Increase in the yield of (and selective synthesis of large-diameter) single-walled carbon nanotubes through water-assisted ethanol pyrolysis

Single-walled carbon nanotubes (SWCNT) were synthesized using Co-MCM-41 catalysts through water-assisted ethanol pyrolysis. The effect of varying the water to ethanol ratio in the reactant mixture was studied. The data from X-ray absorption spectroscopy indicate that with the addition of water, the cobalt metal particles were oxidized. X-ray diffraction analysis of CoCx suggests that the formation of amorphous carbon on the surface of the Co particles was suppressed.
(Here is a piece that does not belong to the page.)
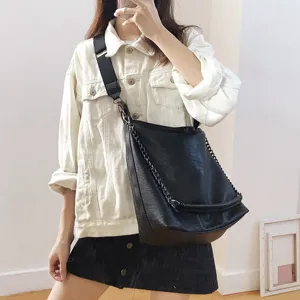 Detailed shot of a stylish black bucket bag with chain and wide strap, casual everyday fashion wear.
Cobalt magnetization measurements were performed to study the size and anisotropy of cobalt particles. Thermogravimetric analysis data demonstrate that with a water concentration of 7%, the yield increases by about 100% relative to pure ethanol synthesis. Raman and photoluminescence excitation spectroscopic data demonstrate that the SWCNT diameter increases (within the diameter range detected) with the water/ethanol ratio. From the statistical SWCNT diameter distribution obtained from transmission electron microscopy, 65% of the SWCNT synthesized with 20% water in ethanol have diameters larger than 1.5 nm, but there is a severe decrease in yield and a modest decrease in selectivity of SWCNT. The mechanism of how the water influences the yield and diameter of SWCNT is discussed.